Unusual STORPORT behaivor

I was debugging a storage device under development that under the correct conditions I suspect causes the PCIe bus driver to fail the PnP IRP_MN_START_DEVICE IRP. Even though handling a failed IRP_MN_START_DEVICE IRP is not on the Microsoft PnP state diagram, it does happen sometimes. I don’t have detailed traces from the device, but am told it’s along the lines of it gets successfully enumerated on the bus, and then moments later resets inappropriately, so when the PCI driver tries to start it, it may be gone from the bus for a little while. I’ve worked on dynamic devices in the past, and if you add a device to a PnP bus, but then removed it before the OS can start the driver, the result is generally a failed PnP start.

The unusual behavior seemed to be what STORPORT did in response. My storage miniport saw DriverEntry called, and returned with success, and then directly saw StartIO called with the SrbFunction of SRB_FUNCTION_PNP and a PnP type of remove. This doesn’t seem so odd, except that miniport FindAdapter was never called, and the device context passed into StartIO was allocated but all zeros. I’m not sure what action the STORPORT wrapper is expecting the miniport to take, as the miniport has no context to perform an action on.

Have other people seen this bypassing of STORPORT miniport instance initialization? I’m debating if this conforms to the documented STORPORT behavior, or do I believe this is a STORPORT bug. There doesn’t seem to be a STORPORT state diagram, so one might argue the miniport functions can be called in any order, including functions that use DeviceExtension, even before it’s initialized. I think many developers will just assume there must be an ordering, and a miniport won’t get DeviceExtension as a callback parameter until after it’s been initialized by the miniport. It also seems odd that, StartIO is called with no preceding BuildIO, although looking at the docs, SRB_FUNCTION_PNP is not listed for BuildIO and is for StartIO.

I was looking through the WHQL tests, and didn’t offhand see any test for drivers handling failed PnP IRP_MN_START_DEVICE, so could believe this PnP failure case is not explicitly tested.

One of my coworkers suggested my environment must be somehow corrupted, and this STORPORT behavior is not possible.
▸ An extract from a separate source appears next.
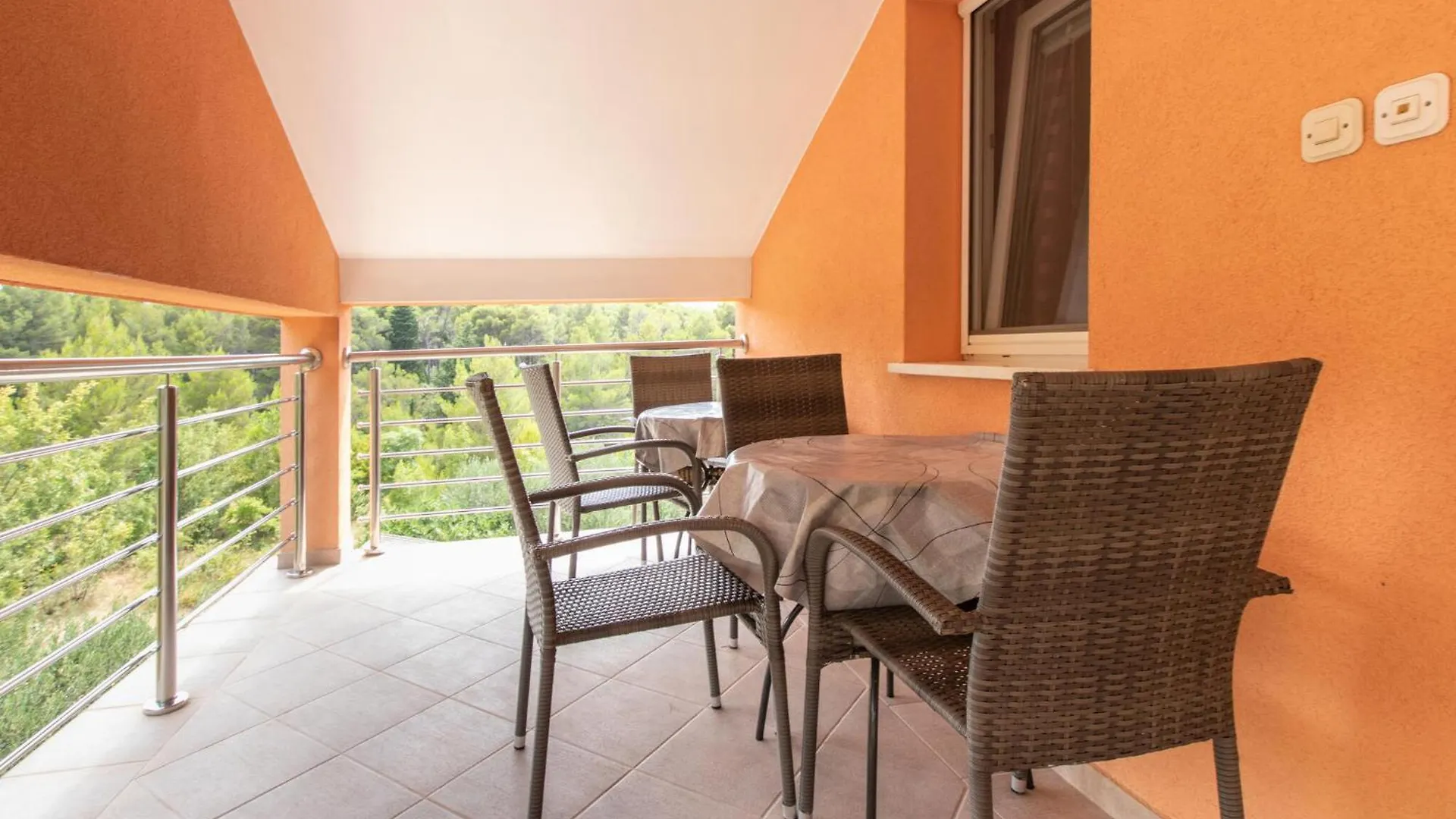 Gorgeous Apartment In Gornji Karin With Wifi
The environment was freshly installed, and there are three pieces of evidence supporting this behavior: DeviceExtension was zeros in StartIO, trace messages went direct from DriverEntry to StartIO, and setting a breakpoint in windbg on the miniport functions caused a break on StartIO after continuing from inside DriverEntry. If I don’t stimulate the device issue, all three of these sources of evidence give normal miniport behavior, so a corrupted environment is not at the top of my list.
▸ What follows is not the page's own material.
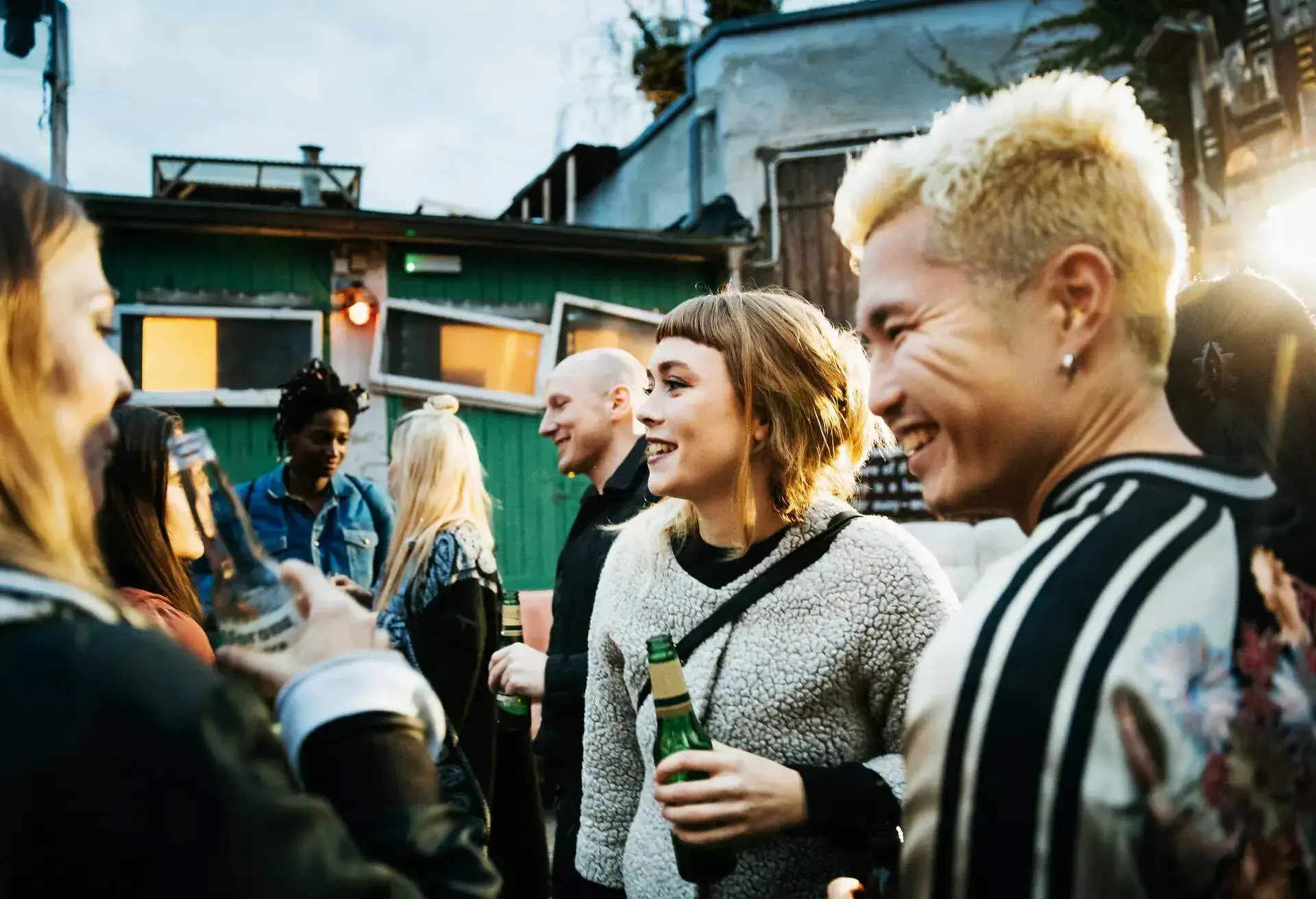 germany_berlin_theme_people_friends_beer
I’m considering writing a little lower filter driver that I can use to cause the PnP IRP_MN_START_DEVICE IRP to fail on demand, so I can stimulate this issue on demand, unless anybody knows a tool that can already fail specific PnP IRPs on demand. A filter like this could also confirm what’s happening is a failed PnP start IRP, and print out the failure status code on windbg. I suppose I could also try using the checked PCI.sys driver and enable debugging messages, and see if it says something about failing a start IRP.

The STORPORT behavior was seen on Server 2012 R2 Update 1, with no other patches. I Googled for anything that seems related, and didn’t find anything.

Jan

FindAdapter is called on successful START_DEVICE.

SRB_PNP/RemoveDevice is called on REMOVE_DEVICE which comes after failed START_DEVICE, as well.

There definitely was an error handling path in Storprt that could result in StartIo being called without FindAdapter being called.

https://www.osronline.com/showThread.CFM?link=217148

In my case the problem turned out to be a memory leak in Server 2008’s storport.sys (revolving around registry accesses). My pnp testing was triggering this bug that made storport consume non paged pool to the point where setting up the device inside storport’s findadapter (before the miniport was called) failed. Storport reacted by calling StartIo with a PnP remove (and an invalid device context because it couldn’t allocate it).